The waiver of the preferential rights inherent in a private placement is

considered necessary in the interest of time and successful completion. However,

subject to completion of the Private Placement, the Board of Directors of the

Company will consider to call for an extraordinary shareholder's meeting to

propose to conduct a subsequent offering directed towards existing shareholders

in the Company as of the end of trading today, 30 January 2019 (and as

registered in the VPS as of the end of 1 February 2019) who are not resident  in

a jurisdiction where such offering would be unlawful, or would (in jurisdictions

other than Norway) require  any prospectus filing, registration or similar

action who were not allocated shares in the Private Placement (the "Subsequent

Offering"). The subscription price in a potential Subsequent Offering will be

equal to the subscription price in the Private Placement. Taking into

consideration the time, costs and expected terms of alternative methods of the

securing the desired funding, as well as the subsequent offering considered, the

board has concluded that the conclusion of the Private Placement on acceptable

terms at this time is in the common interest of the shareholders of the Company.

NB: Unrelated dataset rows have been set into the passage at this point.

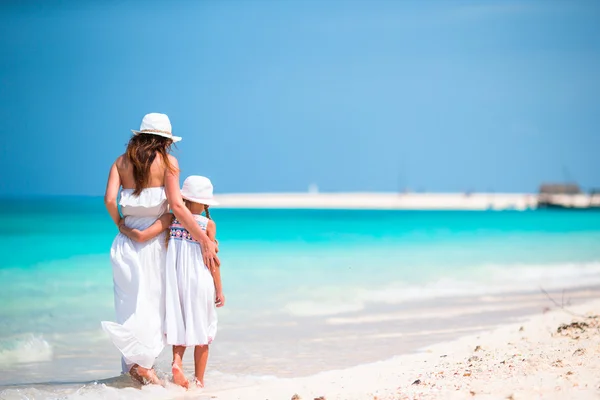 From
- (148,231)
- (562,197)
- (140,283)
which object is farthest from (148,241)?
(562,197)

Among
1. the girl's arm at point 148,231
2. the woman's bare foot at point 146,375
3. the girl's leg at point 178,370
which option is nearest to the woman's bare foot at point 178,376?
the girl's leg at point 178,370

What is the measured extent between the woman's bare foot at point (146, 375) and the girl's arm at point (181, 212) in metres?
0.88

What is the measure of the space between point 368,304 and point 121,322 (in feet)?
17.0

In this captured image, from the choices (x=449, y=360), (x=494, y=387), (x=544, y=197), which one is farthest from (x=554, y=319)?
(x=544, y=197)

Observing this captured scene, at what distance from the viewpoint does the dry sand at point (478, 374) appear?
4.21 m

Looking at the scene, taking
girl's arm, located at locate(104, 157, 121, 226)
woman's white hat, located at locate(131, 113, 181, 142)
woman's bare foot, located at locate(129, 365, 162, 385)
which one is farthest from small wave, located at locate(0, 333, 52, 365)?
woman's white hat, located at locate(131, 113, 181, 142)

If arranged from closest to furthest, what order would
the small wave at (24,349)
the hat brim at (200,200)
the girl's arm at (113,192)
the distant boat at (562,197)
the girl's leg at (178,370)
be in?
the girl's arm at (113,192) < the hat brim at (200,200) < the girl's leg at (178,370) < the small wave at (24,349) < the distant boat at (562,197)

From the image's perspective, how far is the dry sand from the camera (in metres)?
4.21

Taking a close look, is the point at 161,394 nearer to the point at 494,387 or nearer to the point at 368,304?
the point at 494,387

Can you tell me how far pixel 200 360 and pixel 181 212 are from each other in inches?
42.9

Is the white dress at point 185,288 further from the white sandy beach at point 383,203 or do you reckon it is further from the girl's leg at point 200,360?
the white sandy beach at point 383,203

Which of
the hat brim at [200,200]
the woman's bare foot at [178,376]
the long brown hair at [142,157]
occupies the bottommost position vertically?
the woman's bare foot at [178,376]

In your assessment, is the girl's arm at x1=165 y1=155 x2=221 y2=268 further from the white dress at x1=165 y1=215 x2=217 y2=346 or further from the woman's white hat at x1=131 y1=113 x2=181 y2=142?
the woman's white hat at x1=131 y1=113 x2=181 y2=142

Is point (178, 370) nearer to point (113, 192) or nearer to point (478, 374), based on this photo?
point (113, 192) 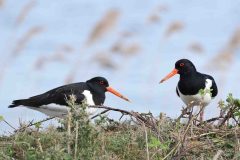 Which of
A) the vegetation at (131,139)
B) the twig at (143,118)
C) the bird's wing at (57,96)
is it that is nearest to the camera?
the vegetation at (131,139)

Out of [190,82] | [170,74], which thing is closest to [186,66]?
[170,74]

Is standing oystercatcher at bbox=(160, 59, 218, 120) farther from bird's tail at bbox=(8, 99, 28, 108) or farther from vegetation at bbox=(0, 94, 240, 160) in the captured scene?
vegetation at bbox=(0, 94, 240, 160)

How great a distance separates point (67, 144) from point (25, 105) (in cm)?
559

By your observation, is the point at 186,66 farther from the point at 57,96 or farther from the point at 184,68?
the point at 57,96

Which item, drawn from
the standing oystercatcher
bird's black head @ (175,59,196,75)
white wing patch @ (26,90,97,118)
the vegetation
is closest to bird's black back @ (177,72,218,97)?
the standing oystercatcher

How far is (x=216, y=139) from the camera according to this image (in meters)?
5.72

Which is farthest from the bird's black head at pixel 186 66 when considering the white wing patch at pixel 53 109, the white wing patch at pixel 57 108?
the white wing patch at pixel 53 109

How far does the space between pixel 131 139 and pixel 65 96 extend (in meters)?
4.26


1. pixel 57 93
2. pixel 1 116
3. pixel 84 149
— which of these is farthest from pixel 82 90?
pixel 84 149

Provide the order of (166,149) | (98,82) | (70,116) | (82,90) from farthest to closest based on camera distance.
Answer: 1. (98,82)
2. (82,90)
3. (166,149)
4. (70,116)

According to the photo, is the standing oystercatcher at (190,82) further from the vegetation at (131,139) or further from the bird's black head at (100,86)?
the vegetation at (131,139)

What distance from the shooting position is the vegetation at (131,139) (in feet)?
16.0

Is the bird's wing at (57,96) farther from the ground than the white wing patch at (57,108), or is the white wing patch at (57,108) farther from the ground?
the bird's wing at (57,96)

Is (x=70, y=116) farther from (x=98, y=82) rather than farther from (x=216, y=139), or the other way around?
(x=98, y=82) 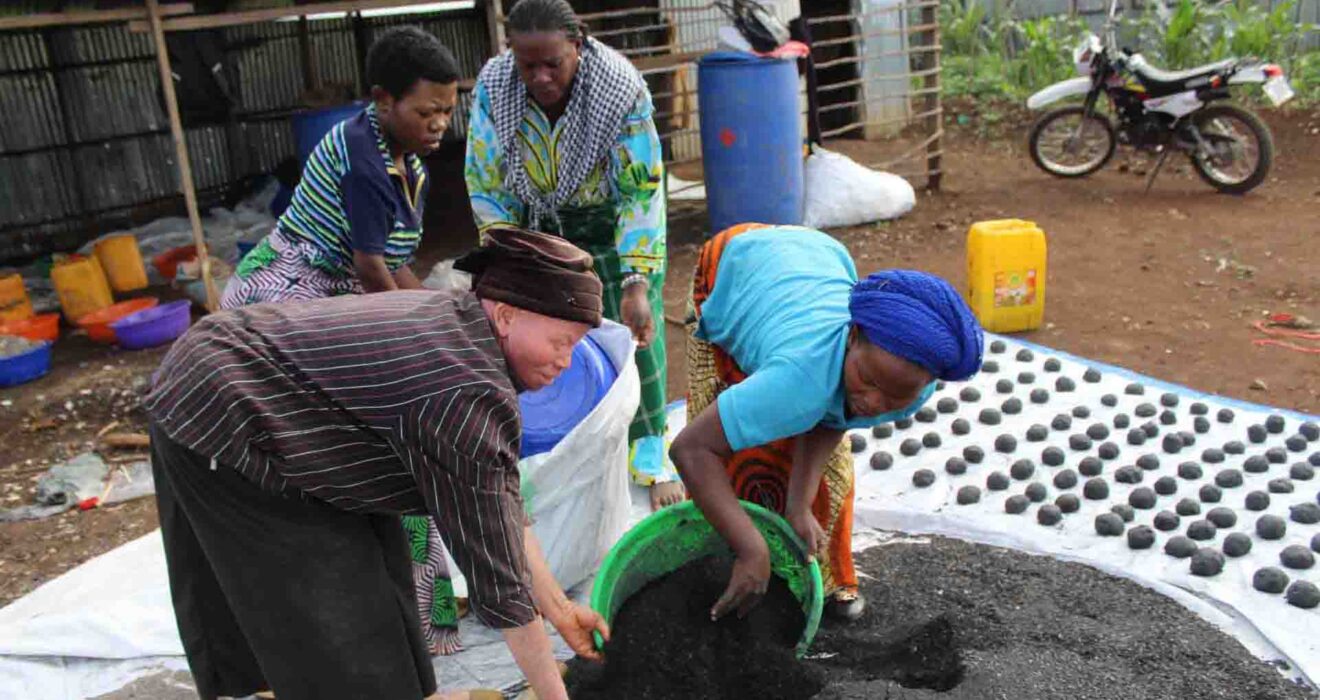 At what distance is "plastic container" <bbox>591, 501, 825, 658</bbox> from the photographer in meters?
2.30

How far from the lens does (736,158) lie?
6375mm

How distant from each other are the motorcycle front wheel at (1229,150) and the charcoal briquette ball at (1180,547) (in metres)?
4.95

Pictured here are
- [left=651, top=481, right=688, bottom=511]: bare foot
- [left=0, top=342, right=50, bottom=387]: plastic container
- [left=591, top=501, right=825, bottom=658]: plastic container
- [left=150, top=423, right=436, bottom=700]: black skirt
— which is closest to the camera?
[left=150, top=423, right=436, bottom=700]: black skirt

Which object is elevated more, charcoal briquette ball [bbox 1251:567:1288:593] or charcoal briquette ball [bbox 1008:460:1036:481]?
charcoal briquette ball [bbox 1008:460:1036:481]

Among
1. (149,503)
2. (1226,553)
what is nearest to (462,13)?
(149,503)

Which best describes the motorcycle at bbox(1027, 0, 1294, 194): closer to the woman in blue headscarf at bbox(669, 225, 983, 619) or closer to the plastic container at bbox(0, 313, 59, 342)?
the woman in blue headscarf at bbox(669, 225, 983, 619)

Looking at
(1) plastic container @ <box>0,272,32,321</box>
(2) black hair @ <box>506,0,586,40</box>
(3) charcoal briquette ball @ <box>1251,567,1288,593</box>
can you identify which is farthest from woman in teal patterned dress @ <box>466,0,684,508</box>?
(1) plastic container @ <box>0,272,32,321</box>

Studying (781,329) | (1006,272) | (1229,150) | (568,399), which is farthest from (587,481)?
(1229,150)

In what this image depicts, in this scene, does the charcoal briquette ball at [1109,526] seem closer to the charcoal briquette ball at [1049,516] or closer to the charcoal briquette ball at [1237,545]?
the charcoal briquette ball at [1049,516]

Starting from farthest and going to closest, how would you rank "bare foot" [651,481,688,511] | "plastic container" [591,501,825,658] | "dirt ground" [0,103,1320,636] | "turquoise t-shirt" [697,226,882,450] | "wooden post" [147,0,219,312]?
"wooden post" [147,0,219,312] < "dirt ground" [0,103,1320,636] < "bare foot" [651,481,688,511] < "plastic container" [591,501,825,658] < "turquoise t-shirt" [697,226,882,450]

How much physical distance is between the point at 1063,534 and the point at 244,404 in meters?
2.29

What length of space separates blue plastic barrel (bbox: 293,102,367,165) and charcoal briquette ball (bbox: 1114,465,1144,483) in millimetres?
5128

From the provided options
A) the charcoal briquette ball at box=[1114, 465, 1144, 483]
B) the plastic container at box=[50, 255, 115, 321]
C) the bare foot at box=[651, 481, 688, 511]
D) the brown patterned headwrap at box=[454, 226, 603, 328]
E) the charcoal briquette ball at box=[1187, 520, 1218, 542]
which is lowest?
the charcoal briquette ball at box=[1187, 520, 1218, 542]

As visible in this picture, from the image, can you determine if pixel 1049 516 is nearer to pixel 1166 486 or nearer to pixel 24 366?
pixel 1166 486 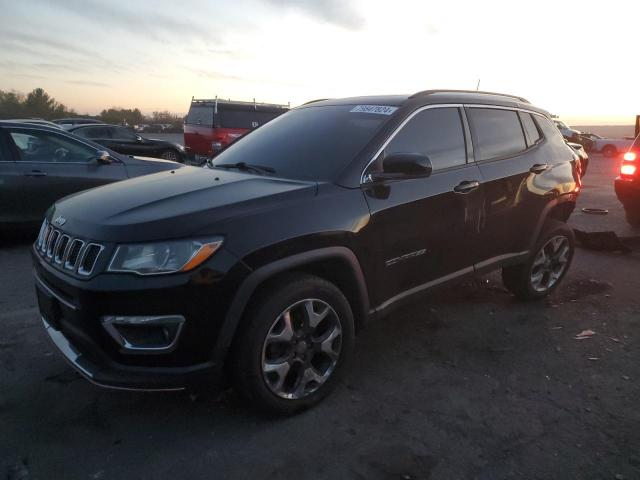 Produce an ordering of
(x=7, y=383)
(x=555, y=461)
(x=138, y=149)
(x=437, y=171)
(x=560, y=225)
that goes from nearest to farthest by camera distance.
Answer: (x=555, y=461), (x=7, y=383), (x=437, y=171), (x=560, y=225), (x=138, y=149)

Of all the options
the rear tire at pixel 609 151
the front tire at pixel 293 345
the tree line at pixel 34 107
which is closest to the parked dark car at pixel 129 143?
the front tire at pixel 293 345

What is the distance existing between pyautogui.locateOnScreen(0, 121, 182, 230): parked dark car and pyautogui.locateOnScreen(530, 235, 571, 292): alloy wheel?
17.2 feet

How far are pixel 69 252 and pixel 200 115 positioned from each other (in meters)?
12.3

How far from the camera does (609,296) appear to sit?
15.9 ft

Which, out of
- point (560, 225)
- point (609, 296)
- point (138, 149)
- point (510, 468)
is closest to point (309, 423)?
point (510, 468)

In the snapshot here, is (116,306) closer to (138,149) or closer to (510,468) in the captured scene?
(510,468)

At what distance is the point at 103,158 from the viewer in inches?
257

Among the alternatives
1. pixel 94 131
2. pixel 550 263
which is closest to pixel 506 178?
pixel 550 263

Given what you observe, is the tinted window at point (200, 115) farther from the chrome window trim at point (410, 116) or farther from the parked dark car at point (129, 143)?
the chrome window trim at point (410, 116)

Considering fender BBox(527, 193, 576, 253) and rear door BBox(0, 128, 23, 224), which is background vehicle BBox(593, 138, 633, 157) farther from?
rear door BBox(0, 128, 23, 224)

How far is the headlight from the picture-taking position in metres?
2.35

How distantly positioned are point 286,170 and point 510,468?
210 centimetres

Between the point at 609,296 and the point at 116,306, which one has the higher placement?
the point at 116,306

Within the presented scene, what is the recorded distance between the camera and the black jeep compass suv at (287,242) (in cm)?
238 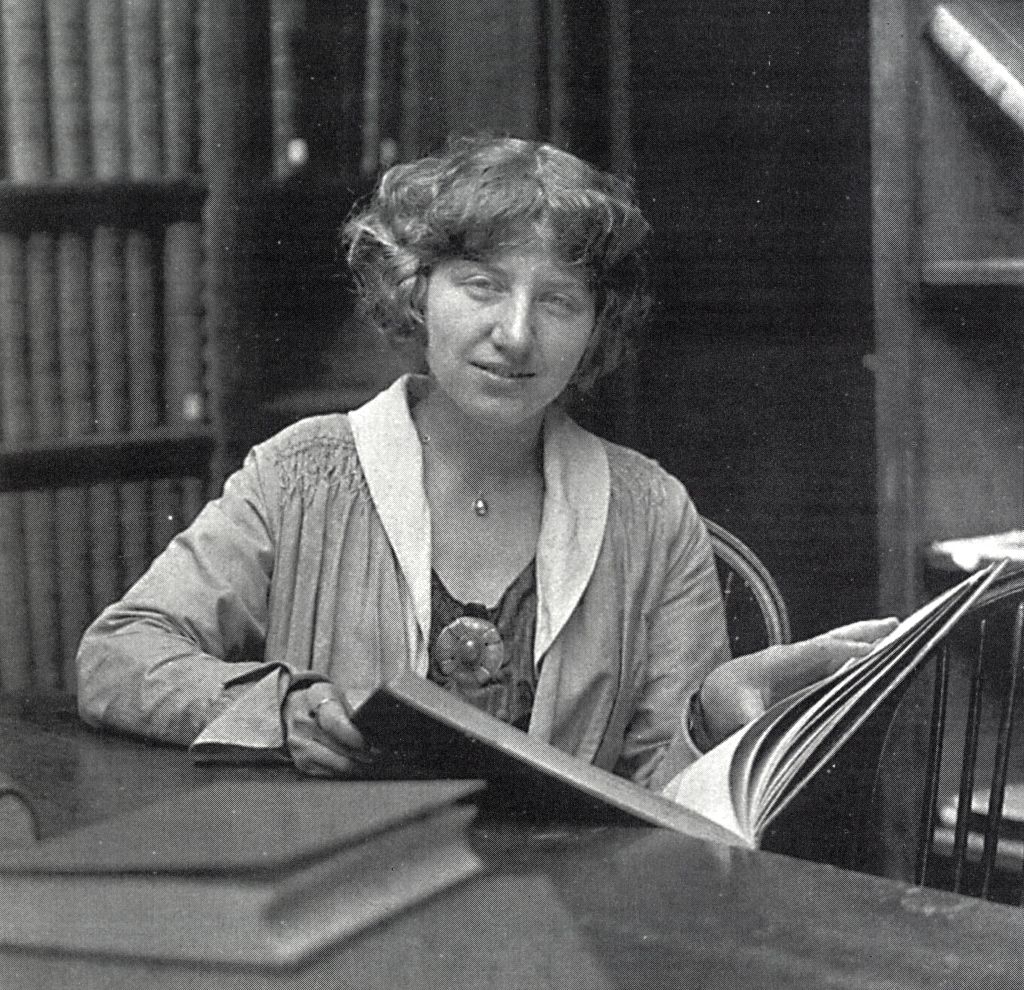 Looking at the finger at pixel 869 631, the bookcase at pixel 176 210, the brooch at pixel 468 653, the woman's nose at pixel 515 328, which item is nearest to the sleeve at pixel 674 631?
the brooch at pixel 468 653

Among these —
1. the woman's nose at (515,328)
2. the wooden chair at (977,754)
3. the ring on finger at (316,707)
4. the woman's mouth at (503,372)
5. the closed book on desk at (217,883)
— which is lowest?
the wooden chair at (977,754)

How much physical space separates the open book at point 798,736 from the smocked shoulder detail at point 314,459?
80cm

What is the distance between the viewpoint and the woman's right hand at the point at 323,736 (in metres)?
1.27

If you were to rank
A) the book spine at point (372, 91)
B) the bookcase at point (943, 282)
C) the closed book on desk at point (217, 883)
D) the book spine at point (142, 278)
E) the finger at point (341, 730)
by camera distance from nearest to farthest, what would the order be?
the closed book on desk at point (217, 883) → the finger at point (341, 730) → the bookcase at point (943, 282) → the book spine at point (142, 278) → the book spine at point (372, 91)

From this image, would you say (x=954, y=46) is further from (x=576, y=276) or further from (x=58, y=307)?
(x=58, y=307)

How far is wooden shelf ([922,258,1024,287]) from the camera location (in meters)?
2.04

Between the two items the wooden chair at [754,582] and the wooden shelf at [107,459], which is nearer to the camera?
the wooden chair at [754,582]

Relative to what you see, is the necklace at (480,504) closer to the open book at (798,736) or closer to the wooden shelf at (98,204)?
the open book at (798,736)

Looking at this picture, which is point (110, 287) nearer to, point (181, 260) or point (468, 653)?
point (181, 260)

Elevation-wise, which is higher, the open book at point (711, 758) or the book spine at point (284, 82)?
the book spine at point (284, 82)

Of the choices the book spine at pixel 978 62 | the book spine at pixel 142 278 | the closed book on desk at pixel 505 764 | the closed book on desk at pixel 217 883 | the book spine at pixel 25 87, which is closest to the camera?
the closed book on desk at pixel 217 883

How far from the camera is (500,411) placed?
1781 millimetres

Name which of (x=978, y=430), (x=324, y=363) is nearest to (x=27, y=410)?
(x=324, y=363)

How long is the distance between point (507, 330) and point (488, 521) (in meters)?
0.23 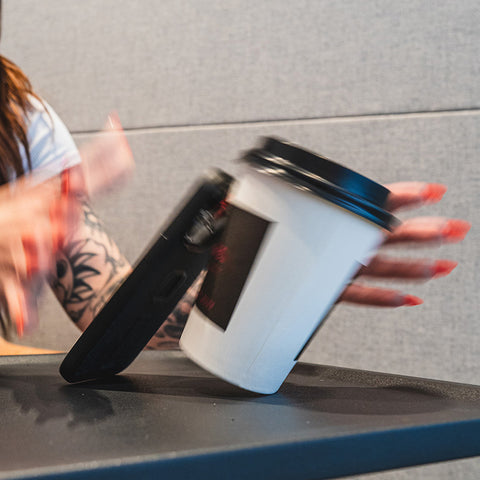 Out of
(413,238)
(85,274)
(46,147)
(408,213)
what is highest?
(413,238)

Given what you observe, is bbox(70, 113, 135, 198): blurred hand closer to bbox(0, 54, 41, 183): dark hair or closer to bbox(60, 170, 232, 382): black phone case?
bbox(60, 170, 232, 382): black phone case

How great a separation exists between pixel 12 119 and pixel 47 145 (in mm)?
63

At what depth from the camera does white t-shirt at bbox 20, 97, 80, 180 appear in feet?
2.78

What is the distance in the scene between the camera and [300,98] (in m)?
0.98

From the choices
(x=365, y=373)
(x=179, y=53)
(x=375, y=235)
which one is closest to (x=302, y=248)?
(x=375, y=235)

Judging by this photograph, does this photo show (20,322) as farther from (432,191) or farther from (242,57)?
(242,57)

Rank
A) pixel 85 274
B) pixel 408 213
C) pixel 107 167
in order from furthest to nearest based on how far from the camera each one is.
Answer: pixel 408 213
pixel 85 274
pixel 107 167

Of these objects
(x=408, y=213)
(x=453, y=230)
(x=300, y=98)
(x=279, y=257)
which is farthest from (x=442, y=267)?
(x=300, y=98)

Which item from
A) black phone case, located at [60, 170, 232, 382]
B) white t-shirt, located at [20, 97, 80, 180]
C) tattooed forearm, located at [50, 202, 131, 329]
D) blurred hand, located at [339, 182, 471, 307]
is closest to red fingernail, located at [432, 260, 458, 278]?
blurred hand, located at [339, 182, 471, 307]

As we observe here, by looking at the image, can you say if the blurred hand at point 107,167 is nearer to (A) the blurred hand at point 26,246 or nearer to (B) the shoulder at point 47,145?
(A) the blurred hand at point 26,246

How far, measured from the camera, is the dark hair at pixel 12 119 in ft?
2.68

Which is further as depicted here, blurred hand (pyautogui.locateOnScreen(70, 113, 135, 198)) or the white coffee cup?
blurred hand (pyautogui.locateOnScreen(70, 113, 135, 198))

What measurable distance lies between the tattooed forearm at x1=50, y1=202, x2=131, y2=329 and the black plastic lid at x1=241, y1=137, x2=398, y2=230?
19.9 inches

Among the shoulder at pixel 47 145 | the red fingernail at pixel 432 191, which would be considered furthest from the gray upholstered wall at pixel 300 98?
the red fingernail at pixel 432 191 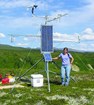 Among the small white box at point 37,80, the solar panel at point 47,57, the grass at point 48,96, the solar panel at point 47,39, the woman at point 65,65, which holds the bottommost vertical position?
the grass at point 48,96

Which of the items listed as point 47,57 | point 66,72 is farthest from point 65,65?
point 47,57

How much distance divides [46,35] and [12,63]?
75598 mm

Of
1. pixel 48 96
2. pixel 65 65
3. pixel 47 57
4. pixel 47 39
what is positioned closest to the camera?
pixel 48 96

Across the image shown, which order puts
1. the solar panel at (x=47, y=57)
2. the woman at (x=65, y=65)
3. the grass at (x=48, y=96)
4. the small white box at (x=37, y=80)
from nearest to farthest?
the grass at (x=48, y=96)
the solar panel at (x=47, y=57)
the small white box at (x=37, y=80)
the woman at (x=65, y=65)

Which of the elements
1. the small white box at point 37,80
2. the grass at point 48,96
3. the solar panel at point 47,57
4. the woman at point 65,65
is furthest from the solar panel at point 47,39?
the grass at point 48,96

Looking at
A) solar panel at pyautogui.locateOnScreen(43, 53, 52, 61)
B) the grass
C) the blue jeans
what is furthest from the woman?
the grass

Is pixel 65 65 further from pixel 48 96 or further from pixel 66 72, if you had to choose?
pixel 48 96

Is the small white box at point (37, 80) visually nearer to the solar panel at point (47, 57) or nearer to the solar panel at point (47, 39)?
the solar panel at point (47, 57)

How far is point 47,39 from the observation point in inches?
1098

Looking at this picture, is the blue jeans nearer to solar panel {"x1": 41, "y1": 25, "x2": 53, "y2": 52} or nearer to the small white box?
solar panel {"x1": 41, "y1": 25, "x2": 53, "y2": 52}

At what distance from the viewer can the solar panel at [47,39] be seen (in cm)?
2767

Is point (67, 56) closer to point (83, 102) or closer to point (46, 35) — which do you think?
point (46, 35)

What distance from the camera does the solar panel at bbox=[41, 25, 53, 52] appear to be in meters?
27.7

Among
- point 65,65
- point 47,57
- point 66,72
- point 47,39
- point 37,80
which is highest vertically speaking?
point 47,39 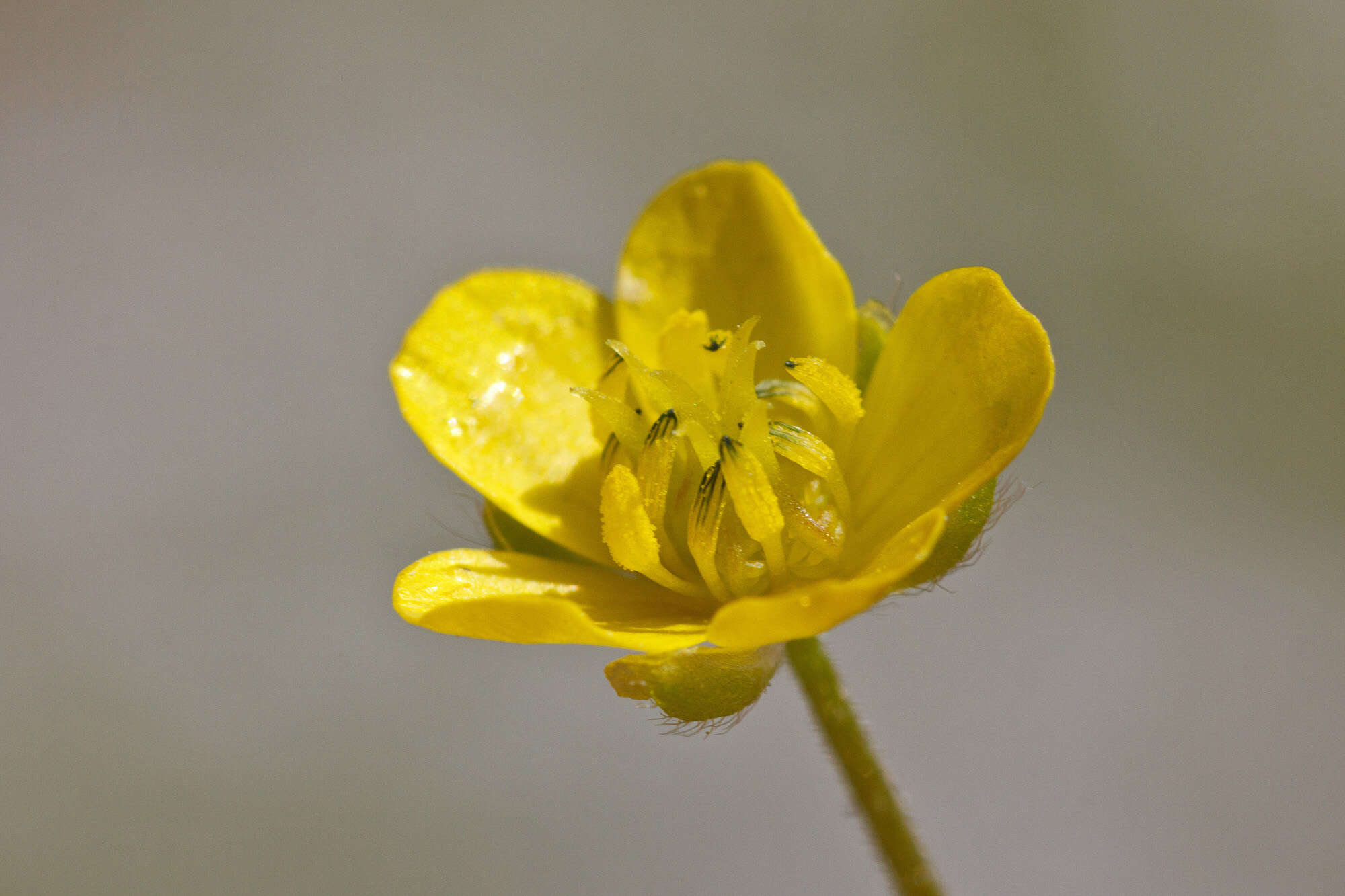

More information is included in the attached company presentation.

ENDS

For additional information, please contact:

Jon André Løkke, CEO, +47 907 44 949

About Nel ASA | www.nelhydrogen.com

Nel is a global, dedicated hydrogen company, delivering optimal solutions to

produce, store and distribute hydrogen from renewable energy. We serve

industries, energy and gas companies with leading hydrogen technology. Since its

foundation in 1927, Nel has a proud history of development and continual

improvement of hydrogen plants. Our hydrogen solutions cover the entire value

chain from hydrogen production technologies to manufacturing of hydrogen fueling

stations, providing all fuel cell electric vehicles with the same fast fueling

and long range as conventional vehicles today.